The beef flavor really shines while it's still warm and chewy, which is accented by the savory onion and garlic and spicy black pepper and crushed red pepper.

Seriously...the hardest part of making homemade jerky is resisting the urge to eat half the batch straight out of the oven.

How to Make Homemade Beef Jerky Without a Dehydrator
This is the third year in a row we're giving out this jerky as a holiday gift along with other goodies. And because beef jerky is so addicting fresh out of the oven, we planned ahead and made a larger batch earlier this week using 4 pounds of beef to ensure we could still snack and have plenty leftover for others. 

Priorities, you know?

Ready for the technique and recipe? Hold your horses! 

First, I want to share a few tips for easy and successful jerky making at home. Just in case you're the type to skim through the recipe and forget the read the additional notes. 

How to Make Homemade Beef Jerky Without a Dehydrator

Tips & Tricks For Making Homemade Beef Jerky in the Oven

1. Look for the leanest cut of meat you can find. Layers of fat on the outside of a cut are easy to remove, but you don't want a piece of beef that has a lot of marbling throughout it. Why? Jerky needs be dry and fat keeps it moist + goes rancid quicker. 

2. If you're buying your meat fresh from a butcher, save yourself some time and have them slice it for you. Trust me, you will thank me! This saves a bit of time + ensures that all the slices are of even thickness. Is this required? Heck no, I've sliced many a batch by hand at home, but I sure love when the butcher does part of the work for me.

3. Slicing the jerky yourself? Stick the meat in the freezer for 30-60 minutes first. This will make the meat waaaaaay easier to slice. Also, using a sharp knife helps. And if the meat starts to soften up on you while you're slicing (this typically happens to me in the summertime), just stick it back in the freezer for another 20 minutes, then start again.
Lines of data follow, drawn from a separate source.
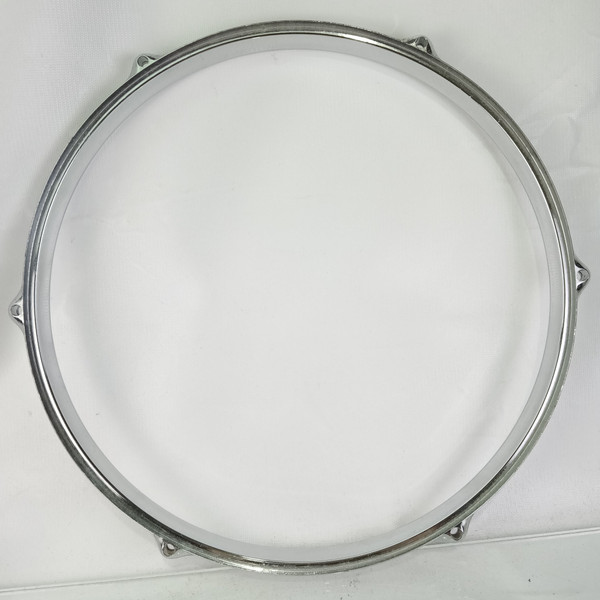 Premier 12" Die-Cast 6-Lug Tom Drum 60-70s Batter/Resonant Rim/Hoop Chrome UK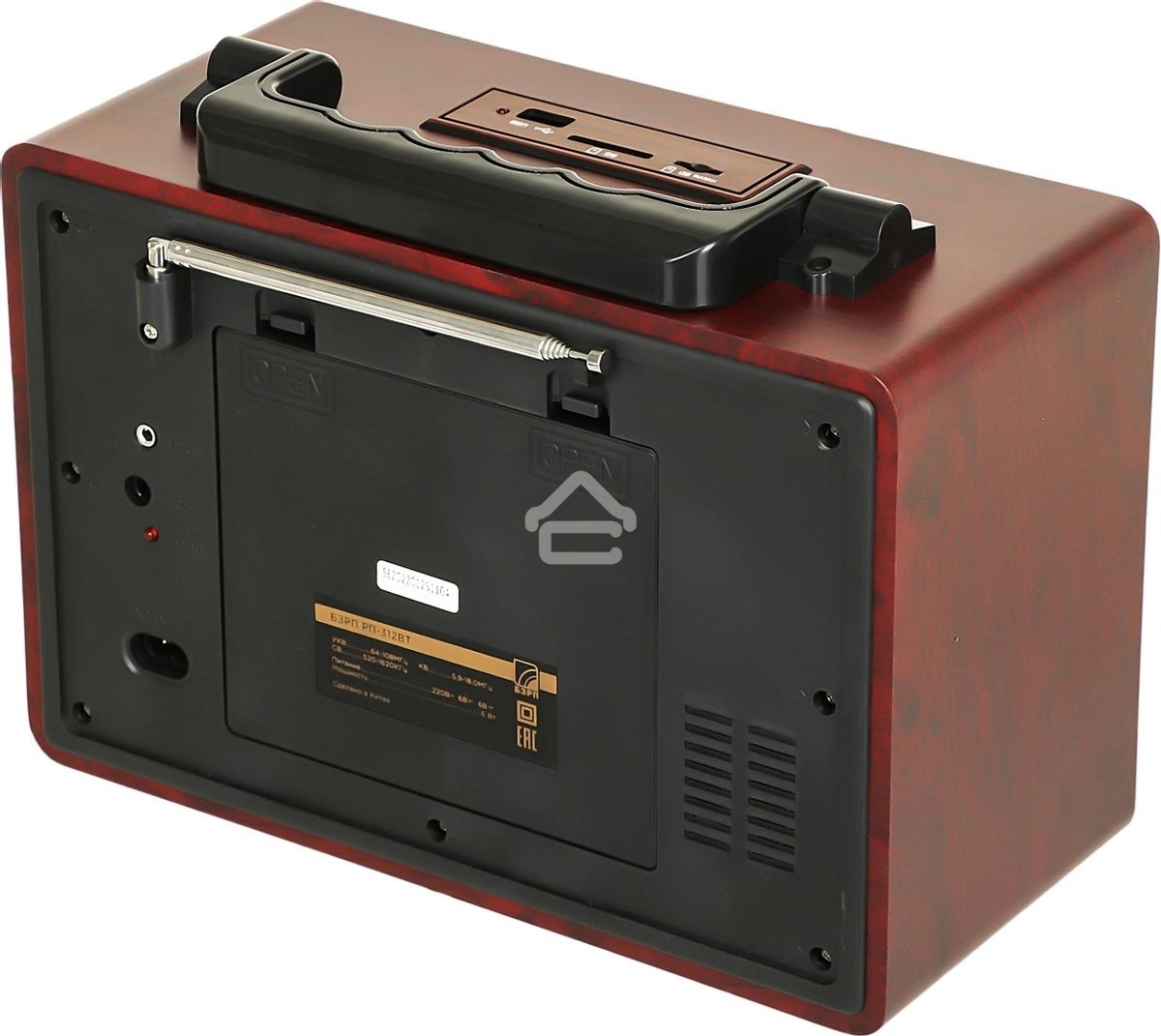 Радиоприемник портативный Сигнал БЗРП РП-312BT черный USB SD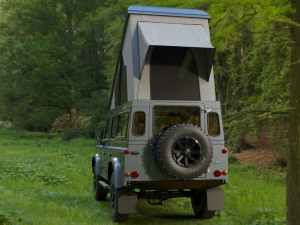 land rover defender 110 camper 3Dモデル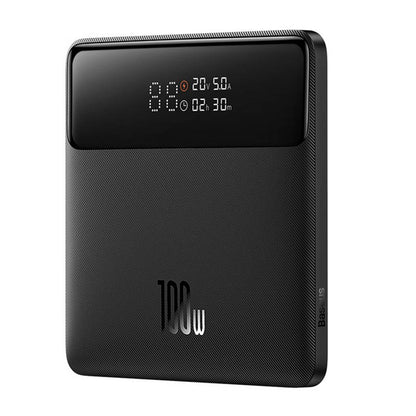 Baseus Blade HD External Battery, 20000mAh, 100W, QC + PD, 2 x USB-A - 2 x USB-C, Black PPBL000301
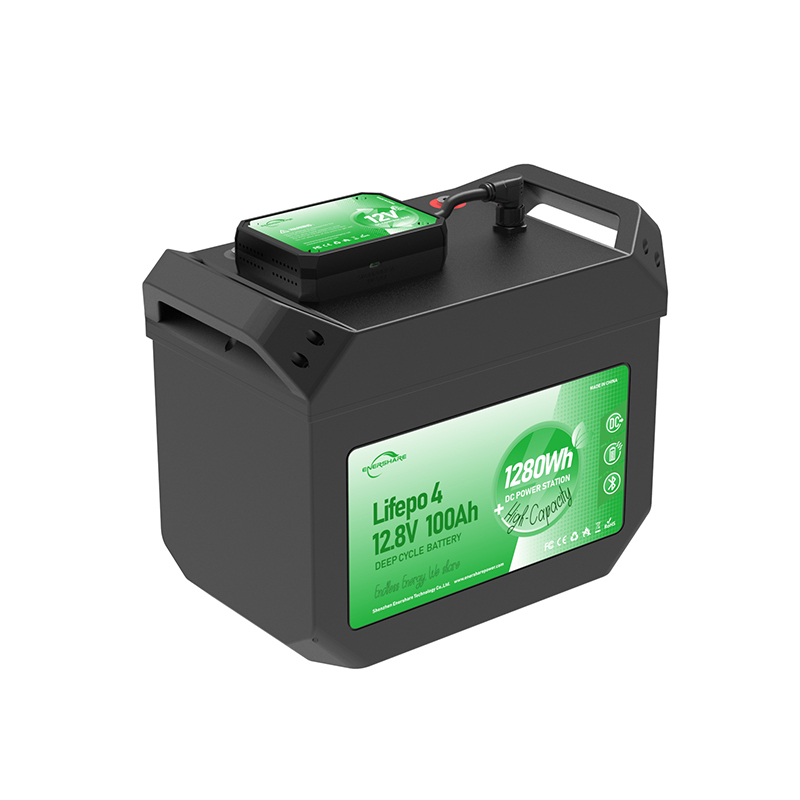 Batería de litio de 12 V, 100 Ah, para carrito de golf o RV, batería de litio lifepo4, compatible con OEM.,EnerShare,Batería de litio de 12 V, 100 Ah, para carrito de golf o RV, batería de litio lifepo4, compatible con OEM.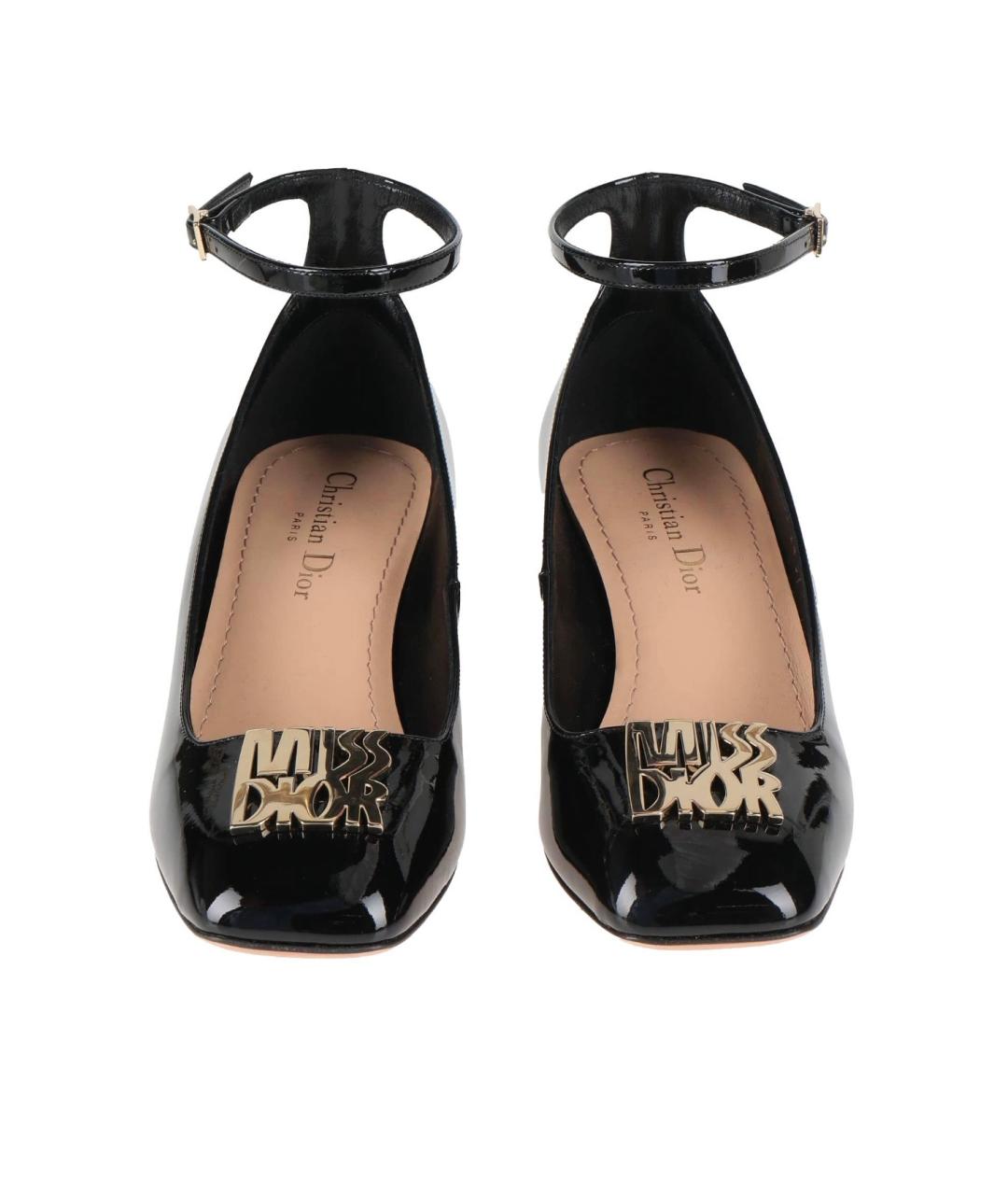 CHRISTIAN DIOR Черные туфли из лакированной кожи, фото 3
4. Clear plenty of counter space for seasoning the jerky. I have what I consider a fairly small apartment kitchen, so I have to do a bit of rearranging first, but it's worth it. I don't want raw meat touching any of my other stuff. I also lay out big strips of wax paper or parchment paper on the counters so I can season each piece of meat all in one go. 

5. Having a helper makes the process go much quicker, but isn't required. Between slicing the meat, laying it out, seasoning both sides, then laying it out on the oven racks, the jerky prepping process can take a few hours if you're doing a big batch. To speed things up, enlist a kitchen helper for laying out the beef slices and seasoning each piece. Promising an extra portion of the finished jerky works well. :)

6. Don't leave your home unattended while the jerky is drying in the oven. This tip is more of a safety recommendation, but I think it's worth mentioning. In order to get maximum circulation and drying capabilities from your oven, you'll use a utensil to prop open the door. If you're banging around the kitchen or near the oven, a pet brushes up against the stove door, or an upstairs or downstairs neighbor (apartment situation) stomps around and/or drops something heavy, the utensil can slip and fall into the oven. If your utensil is wooden or plastic...that's a recipe for a fire. 

Or, if one of your beef pieces isn't supported well on the oven racks and slips off in the first 30 minutes in the oven and falls onto the heat coils below...that's also bad. Better safe than sorry. I suppose this is one of the major benefits of owning a dehydrator. Jerky typically takes 5-6 hours once it's in the oven to dry (time may vary depending on thickness), so plan on making it on a day when you can stay home.

How to Make Homemade Beef Jerky Without a Dehydrator
If you love savory and spicy beef jerky with tons of flavor, you will fall head over heels for this recipe!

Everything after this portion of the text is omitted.